Let's start with your:

"The financial crisis of 2008 was a teachable moment, ..."

Yes it was. Okay. Now, where's the _teaching_? Here are three cases of lack of
teaching: (1) At least since 1929, we should have understood how a financial
bubble that bursts and makes a large fraction of the banking sector broke can
wreck an economy.

(2) In particular, for the housing bubble, we should have had the teaching at
least since Clinton's term. Uh, as I understand it, Clinton and Bush 43 both
saw the dangers of having Fannie and Freddie guarantee liar, junk, sub-prime
mortgages but (A) didn't see anything to do about it that was practical
politically and (B) just hoped we would get by somehow anyway. Uh, to be more
clear, it was the lack of _teaching_ that made the solution not practical
politically.

(3) As the housing bubble was developing, we should have had some real details
on what the heck was going on. We didn't. Indeed, we still don't want to talk
about the _politically incorrect_ details and want to blame _Wall Street_
instead of the Congressional Black Caucus and Barney Frank and what they told
Fannie and Freddie, the Community Reinvestment Act, and how some of the
_adjustable rate_ loan writers _gamed_ the system. Wall Street and even the
bond rating agencies, as bad as they were, were really only the tail of that
sick dog.

So, US irresponsible nonsense shot the world economy in the knees. The Asian
banking crisis was another example. And 1929 was another example, with severe
_consequences_ through 1945 and continuing consequences through the Cold War.
Are we learning yet? For the US 1929 bubble, I chalk up about 100 million
people killed in WWII; so I'm for more _teaching_. Yes, we've needed a lot of
_teaching_ right along.

But for this needed _teaching_ , in the national media and in particular in
the NYT and in the Krugman columns there we get nothing significant. We get
much more on Lady Gaga than anything at all serious on the economy, and the
economy is a very serious subject.

So, Professor, to start we were talking about, uh, what was it now, oh, I
remember, _the economy_. Okay, what's that? I mean, can we have a description,
please? So, we should get the relevant data and present it usually in graphs
and where each graph addresses one or several relevant questions about, say,
standard of living, unemployment, government deficits, our _intellectual
capital_ (from education, research, and development), foreign trade, GDP,
taxes as a fraction of GDP, where the taxes are coming from, government
spending as a fraction of GDP, where the spending is going, and these
quantities over time with percentage changes. We need to know where the money
is and what the flows are. Similarly we need to know a description of US and
world economic activity and flows, e.g., in the sense of Leontief. That's for
a start in any _teaching_ about the economy. At least such data would give us
a basis for discussions about the Federal deficit. Of course, to get early
warning about housing bubbles, etc., we need much more detail than that.

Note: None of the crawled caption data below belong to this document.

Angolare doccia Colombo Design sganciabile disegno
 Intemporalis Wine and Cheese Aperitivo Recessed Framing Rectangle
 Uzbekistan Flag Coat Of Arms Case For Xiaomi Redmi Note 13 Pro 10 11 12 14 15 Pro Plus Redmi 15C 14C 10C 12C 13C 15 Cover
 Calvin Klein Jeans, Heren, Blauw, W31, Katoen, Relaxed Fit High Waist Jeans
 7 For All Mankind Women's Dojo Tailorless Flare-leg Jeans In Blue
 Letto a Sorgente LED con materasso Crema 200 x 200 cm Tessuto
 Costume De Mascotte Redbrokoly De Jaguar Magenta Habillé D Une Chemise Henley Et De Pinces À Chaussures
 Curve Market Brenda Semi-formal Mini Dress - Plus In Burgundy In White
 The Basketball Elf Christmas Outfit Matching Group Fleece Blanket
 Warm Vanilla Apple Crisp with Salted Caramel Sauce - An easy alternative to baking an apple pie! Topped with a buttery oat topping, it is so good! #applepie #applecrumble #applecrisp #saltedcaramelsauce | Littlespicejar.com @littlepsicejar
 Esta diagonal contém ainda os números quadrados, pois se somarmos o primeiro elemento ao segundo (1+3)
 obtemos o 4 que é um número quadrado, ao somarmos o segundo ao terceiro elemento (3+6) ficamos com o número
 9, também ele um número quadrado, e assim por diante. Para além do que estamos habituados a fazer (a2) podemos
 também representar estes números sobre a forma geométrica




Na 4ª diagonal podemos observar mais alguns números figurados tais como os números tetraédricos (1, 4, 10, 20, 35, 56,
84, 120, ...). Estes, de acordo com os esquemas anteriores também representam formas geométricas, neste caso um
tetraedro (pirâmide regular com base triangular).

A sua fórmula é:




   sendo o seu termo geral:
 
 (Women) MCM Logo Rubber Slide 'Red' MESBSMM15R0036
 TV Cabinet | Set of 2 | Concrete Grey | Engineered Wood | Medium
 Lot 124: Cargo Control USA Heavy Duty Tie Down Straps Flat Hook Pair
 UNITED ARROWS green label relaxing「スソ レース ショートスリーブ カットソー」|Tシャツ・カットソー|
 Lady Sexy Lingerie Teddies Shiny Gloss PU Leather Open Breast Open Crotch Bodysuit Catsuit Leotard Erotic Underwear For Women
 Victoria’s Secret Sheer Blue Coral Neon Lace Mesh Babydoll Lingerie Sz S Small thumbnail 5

So, where is this data? Professor, I see next to nothing in your columns, the
NYT, or the US media.

Uh, Professor, since you are a professor of economics, you actually do have
the data, don't you? And you have some good analysis of the data? So, for
_teaching_ , think you will let us see the data and the analyses too?

Professor, on the US economy, the US is flying blind. The situation is
grotesque, outrageously irresponsible, and apparently little better among
economists than the _newsies_ and the public.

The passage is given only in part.